Govts are people too.


----------



## mreynolds (Jan 1, 2015)

Bearfootfarm said:


> Govts are people too.


Can we tax them too then?


----------



## Bearfootfarm (Jul 13, 2006)

mreynolds said:


> Can we tax them too then?


Good luck with that.


----------



## robin416 (Dec 29, 2019)

Someone mentioned the failure of the ship quarantine somewhere on here but I can't find. So, I'll post this thought on this one.
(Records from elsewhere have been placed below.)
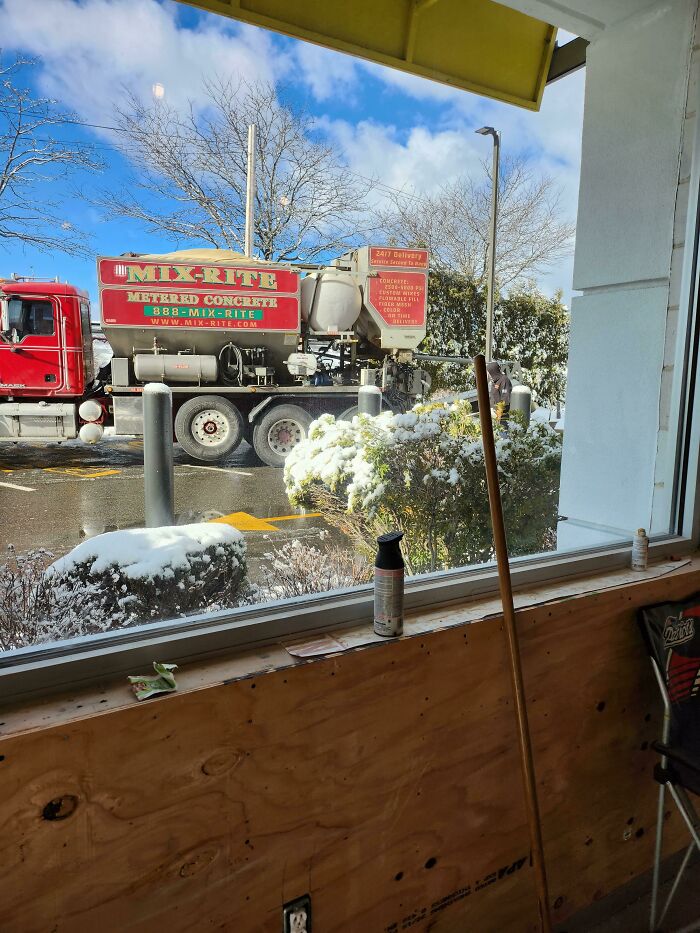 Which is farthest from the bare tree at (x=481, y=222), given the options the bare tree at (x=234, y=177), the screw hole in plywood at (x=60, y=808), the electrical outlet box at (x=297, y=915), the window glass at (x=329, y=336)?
the electrical outlet box at (x=297, y=915)

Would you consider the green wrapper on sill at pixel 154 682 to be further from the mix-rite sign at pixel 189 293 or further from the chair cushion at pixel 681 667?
the chair cushion at pixel 681 667

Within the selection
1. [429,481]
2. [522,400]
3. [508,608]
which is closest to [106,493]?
[508,608]

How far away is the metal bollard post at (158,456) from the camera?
1280mm

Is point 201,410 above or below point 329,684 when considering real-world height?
above

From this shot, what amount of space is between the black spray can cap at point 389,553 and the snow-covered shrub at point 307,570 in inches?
8.2

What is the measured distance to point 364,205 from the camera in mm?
1416

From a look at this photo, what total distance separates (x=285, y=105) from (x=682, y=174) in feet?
3.96

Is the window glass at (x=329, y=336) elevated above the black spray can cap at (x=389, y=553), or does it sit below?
above

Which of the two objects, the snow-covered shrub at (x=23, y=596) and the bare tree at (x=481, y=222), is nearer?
the snow-covered shrub at (x=23, y=596)

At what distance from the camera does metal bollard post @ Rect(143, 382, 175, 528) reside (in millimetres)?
1280

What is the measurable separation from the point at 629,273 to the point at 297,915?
6.30 feet

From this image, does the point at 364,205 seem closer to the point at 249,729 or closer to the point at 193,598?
the point at 193,598

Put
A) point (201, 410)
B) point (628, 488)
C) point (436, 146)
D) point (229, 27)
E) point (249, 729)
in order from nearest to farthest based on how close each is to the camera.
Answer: point (249, 729)
point (229, 27)
point (201, 410)
point (436, 146)
point (628, 488)

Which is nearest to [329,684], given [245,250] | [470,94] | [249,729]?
[249,729] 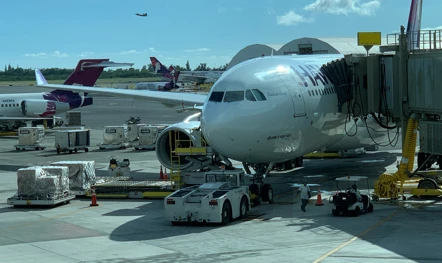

One person got on the ship with the virus. That one person was wandering the ship, eating with others, spending time on the deck with other people. He infected what they are assuming is 3 people. None of them were staying in the same spaces for long periods of time. Does this mean that the virus probably lives longer on surfaces than they have established at this point?

Essentially, did he really infect those people or did those people pick the virus up from a surface he touched?


----------



## Bearfootfarm (Jul 13, 2006)

Danaus29 said:


> For *nearly* every disease you can find *approximate* recovery times somewhere.


For this one it seems to be several weeks from the onset of symptoms, but there are as many variables as there are patients.

You have to keep in mind they didn't know this disease even existed a couple of months ago, so there isn't a huge database of information to work with.

Total Confirmed
75,282
Total Deaths
2,012
Total Recovered
15,084


----------



## Bearfootfarm (Jul 13, 2006)

robin416 said:


> One person got on the ship with the virus.


They don't know how many boarded carrying the virus.


----------



## robin416 (Dec 29, 2019)

Bearfootfarm said:


> They don't know how many boarded carrying the virus.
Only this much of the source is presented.